BERLIN, Oct. 23 (UPI) -- Scientists from Germany and Austria say they have proved a 20th century theorem that mathematics can be used to prove the existence of a higher being.
Christoph Benzmueller of Berlin's Free University and Bruno Woltzenlogel Paleo of the Technical University in Vienna said they used a MacBook computer to test the theorem, developed in the last century by Austrian mathematician Kurt Goedel that, based on principles of modal logic, a higher being must exist, Germany's Der Spiegel reported Wednesday.
The report said Goedel argued that, by definition, nothing greater than a supreme being can exist, and he proposed a mathematical model to prove the existing of such a power.

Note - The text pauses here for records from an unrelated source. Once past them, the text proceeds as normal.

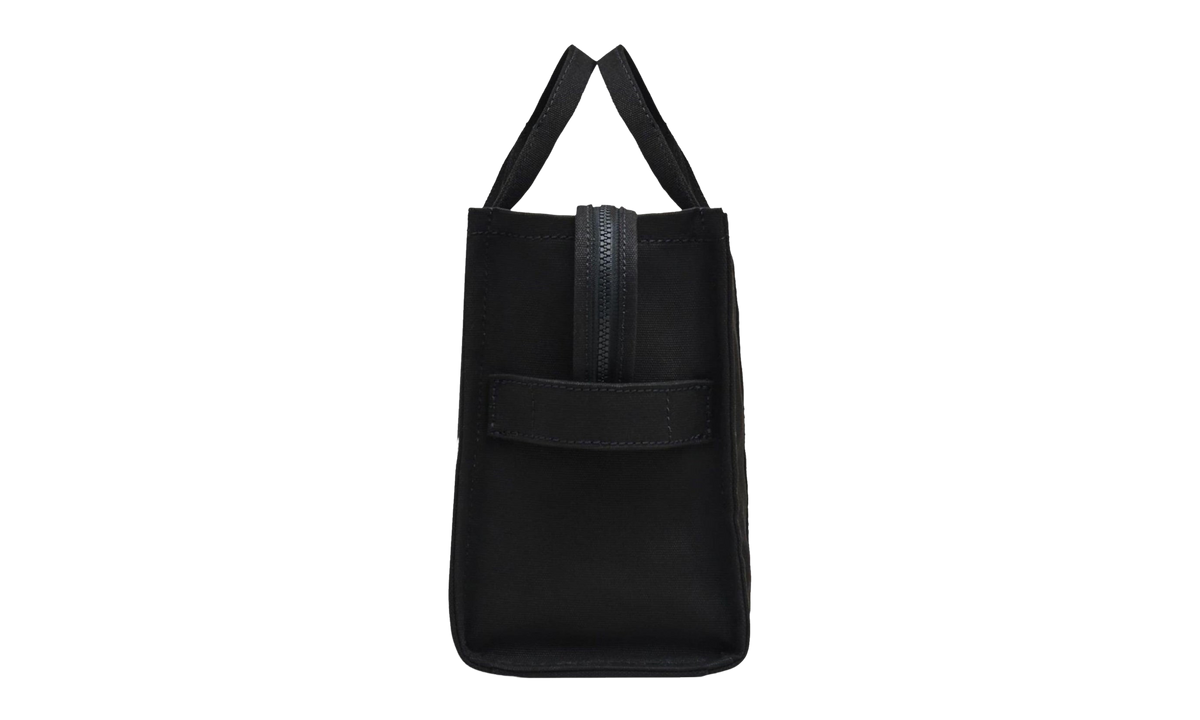 THE MEDIUM TOTE Bags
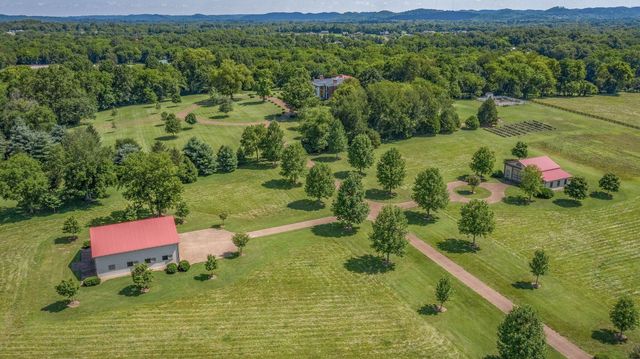 1711 Old Hillsboro Rd, Franklin, TN 37069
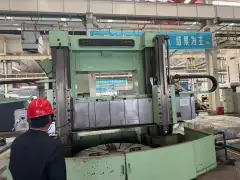 Used Qiqihar DVT 250 x 20/16 Vertical Lathe photo 2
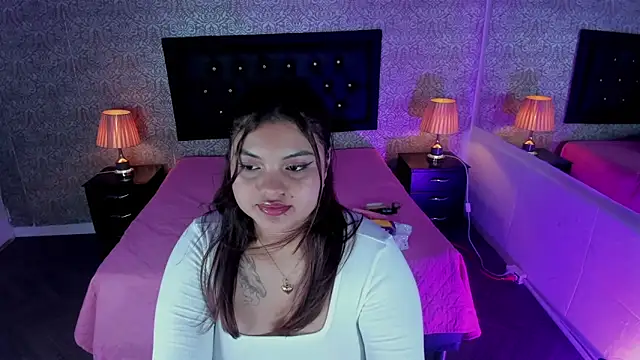 Snapshot of Scarlett__Johanson chatting on 03/12/25, 09:23 Scarlett Johanson online show from 03/12/25, 09:23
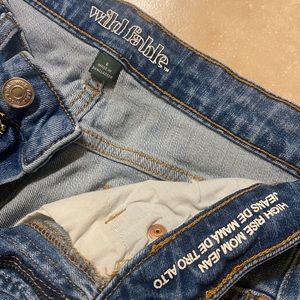 wild fable size 6 high rise mom jean distressed
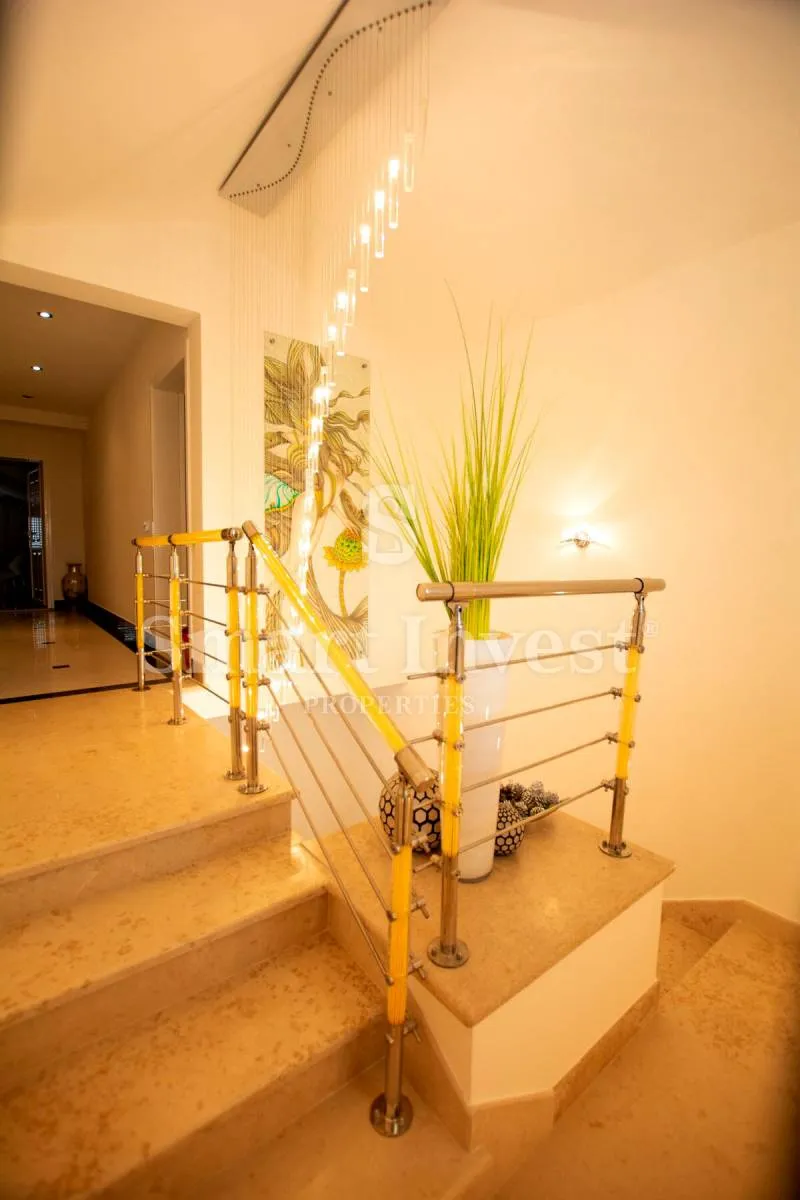 funtana, prekrasna vila s bazenom i 10 apartmana u blizini mora! - slika 13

Benzmueller and Paleo have shown Goedel's proof was mathematically correct.
However, the mathematicians told Der Spiegel the significance of their proof of Goedel's axioms -- published on arXiv.org in a post titled "Formalization, Mechanization and Automation of Goedel's Proof of God's Existence" -- has less to do with proving God exists than with demonstrating was superior technology can help science achieve.
"I didn't know it would create such a huge public interest but [Goedel's ontological proof] was definitely a better example than something inaccessible in mathematics or artificial intelligence," Benzmueller said.
"It's a very small, crisp thing, because we are just dealing with six axioms in a little theorem. ... There might be other things that use similar logic. Can we develop computer systems to check each single step and make sure they are now right?"
Benzmueller and Paleo said they think their work might have applications in developing artificial intelligence, among other fields.